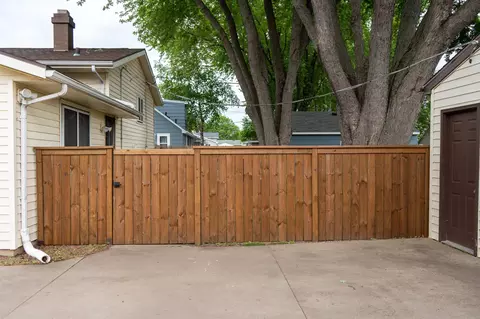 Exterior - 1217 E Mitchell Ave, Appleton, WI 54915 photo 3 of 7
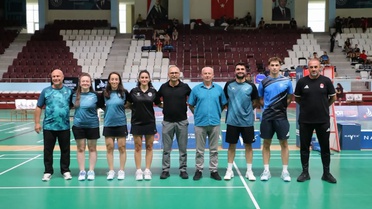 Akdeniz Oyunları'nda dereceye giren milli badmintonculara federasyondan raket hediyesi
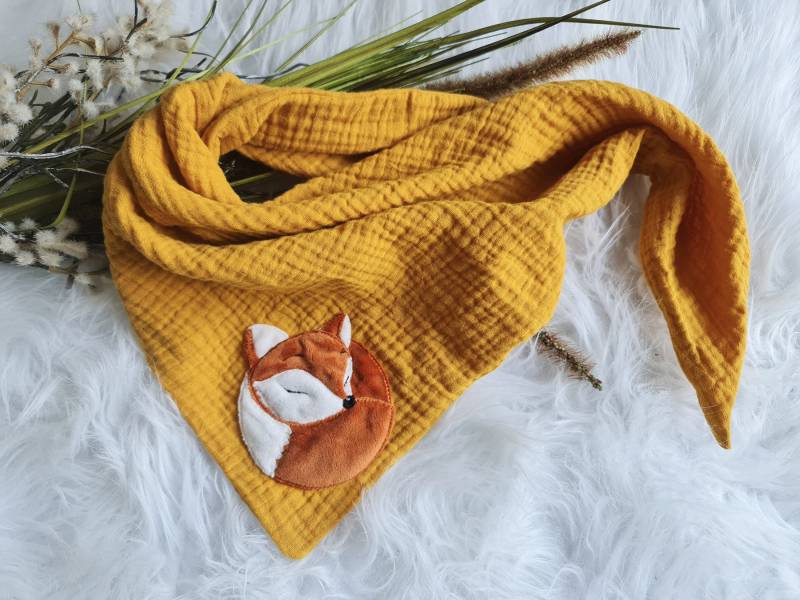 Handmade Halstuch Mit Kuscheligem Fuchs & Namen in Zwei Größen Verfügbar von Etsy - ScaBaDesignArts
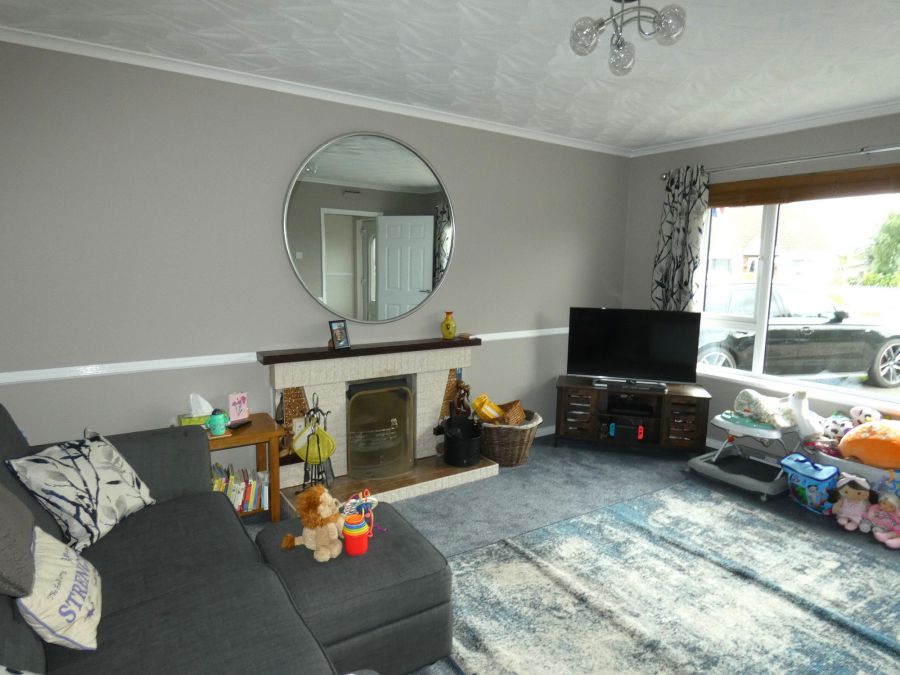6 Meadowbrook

...

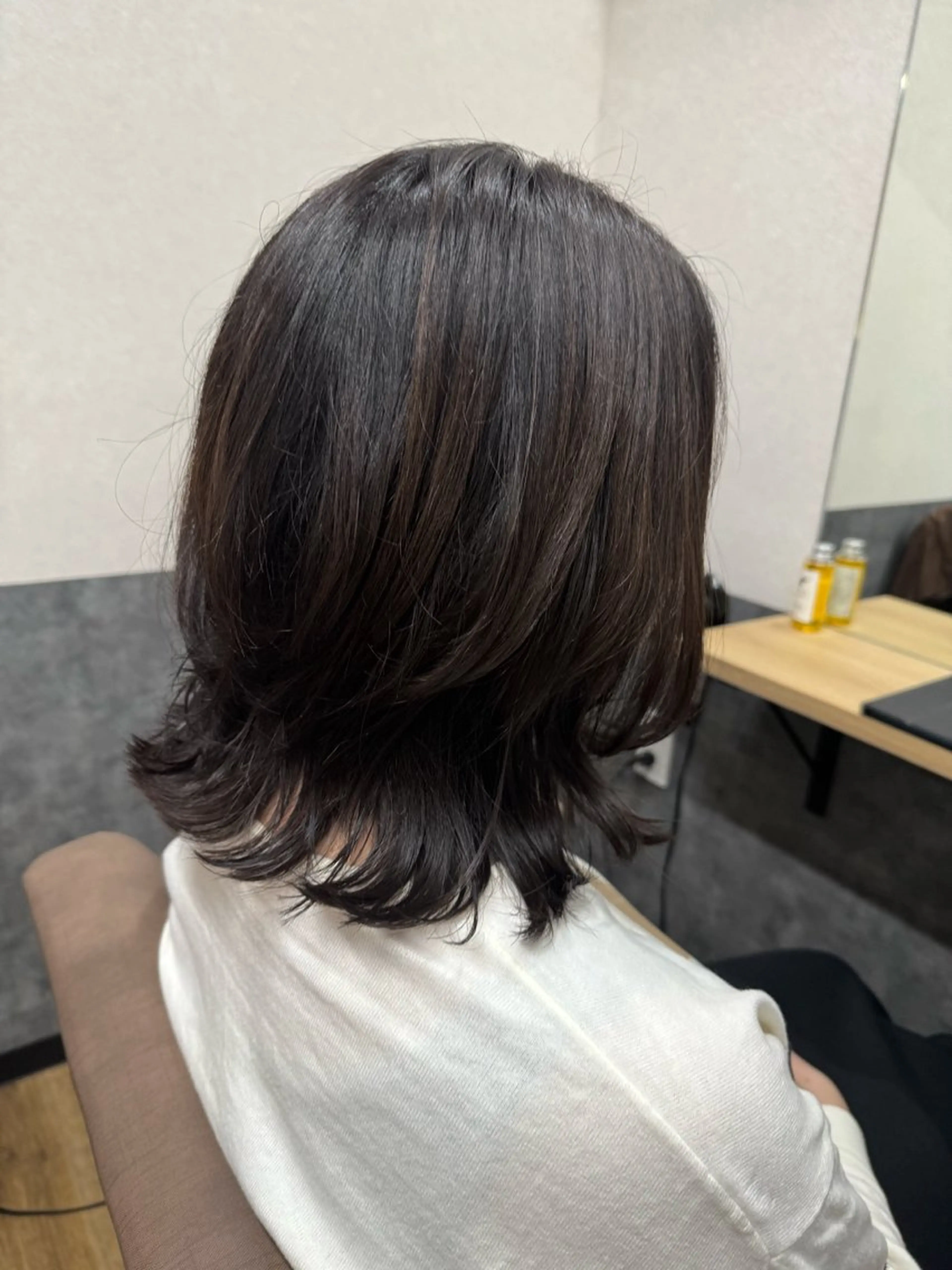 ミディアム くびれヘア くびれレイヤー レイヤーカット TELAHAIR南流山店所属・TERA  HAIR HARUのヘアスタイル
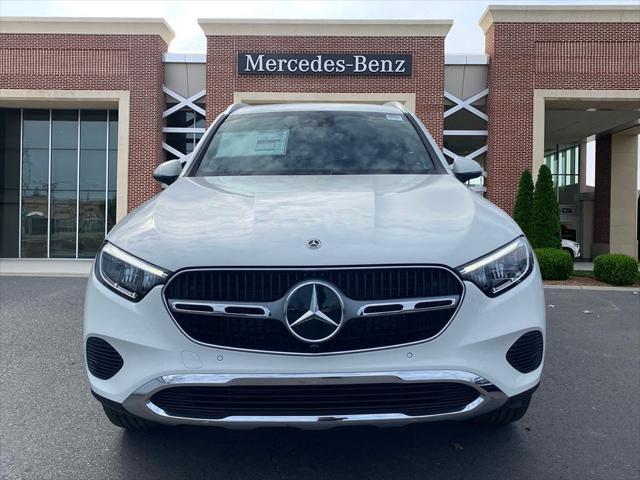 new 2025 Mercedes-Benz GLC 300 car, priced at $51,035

Task prompt:
Leave the pictures out, and transcribe exactly the lines above starting at the one that contains "ミディアム くびれヘア くびれレイヤー" and ending at the one that contains "new 2025 Mercedes-Benz".

Result of the task:
 ミディアム くびれヘア くびれレイヤー レイヤーカット TELAHAIR南流山店所属・TERA  HAIR HARUのヘアスタイル
 new 2025 Mercedes-Benz GLC 300 car, priced at $51,035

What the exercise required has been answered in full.